The natural world is in crisis, and evidence that this threatens the economy is mounting.
Halting and reversing these trends requires a big increase in investment. To deliver it, fiscally strained governments worldwide are creating new markets to make nature ‘investable’ for private finance.
This week’s New Economy Brief unpacks the challenges and controversies around funding solutions to the nature crisis with private capital, and looks at proposals for alternatives.
The age of extinction
Biodiversity is declining faster than ever. Land-use change, including clearing land for agriculture and mining, is the main cause, but climate change is increasingly causing habitat degradation and species loss.

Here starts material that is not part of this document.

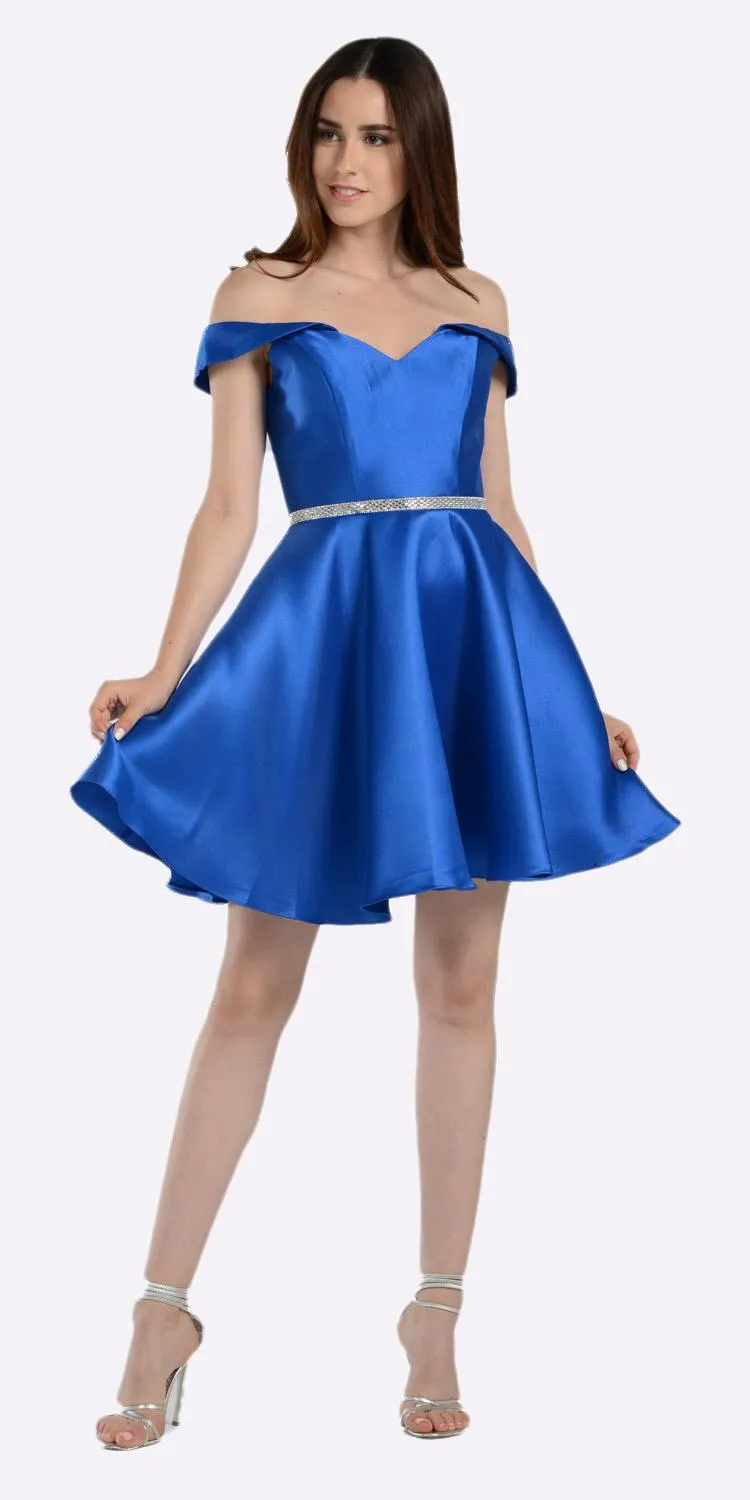 Poly USA 7948 Off Shoulder A-Line Short Satin Homecoming Dress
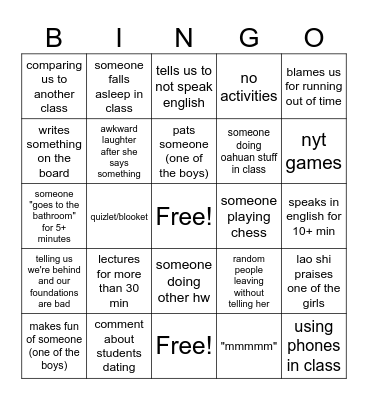 chinese class Bingo Card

Experts now believe several critical ecosystems are nearing ‘tipping points’. Crossing these would have catastrophic consequences – such as the rapid loss of the Amazon Rainforest.
There’s no doubt that urgent action is needed. At the 15th UN biodiversity talks (COP15) in 2022, 188 nations approved the Global Biodiversity Framework, a commitment to halt biodiversity loss and restore ecosystems, with 23 ambitious targets for 2030, including protecting 30% of all land and sea. Progress, however, has not been smooth sailing, with nature degradation continuing at a dangerous rate since.
Meeting these commitments also needs investment – over $700 billion a year, according to an influential report by the Paulson Institute. At fraught COP16 talks in 2024 and 2025, participating nations pledged to reach only $200 billion a year in biodiversity finance from public and private sources by 2030. Much of this funding is needed in fiscally constrained, biodiversity-rich Global South countries. Yet high-income countries aim to direct just $30 billion a year in public biodiversity-related spending for low-income countries – far less than their fair share. According to the COP16 agreement, mobilising private finance is the way to fill both domestic and international ‘finance gaps’.
Nature as an asset class
Getting private finance to fund nature requires creating assets it can invest in. Various nature-related financial instruments have been created, from ‘green bonds’ – which allow companies to borrow to fund sustainable activities – to new markets for biodiversity offsets or credits. Here, units of nature can be bought or traded to ‘offset’ damage done elsewhere. This is meant to create a financial incentive for restoration or conservation (a similar concept to carbon markets, whose failures have been well documented).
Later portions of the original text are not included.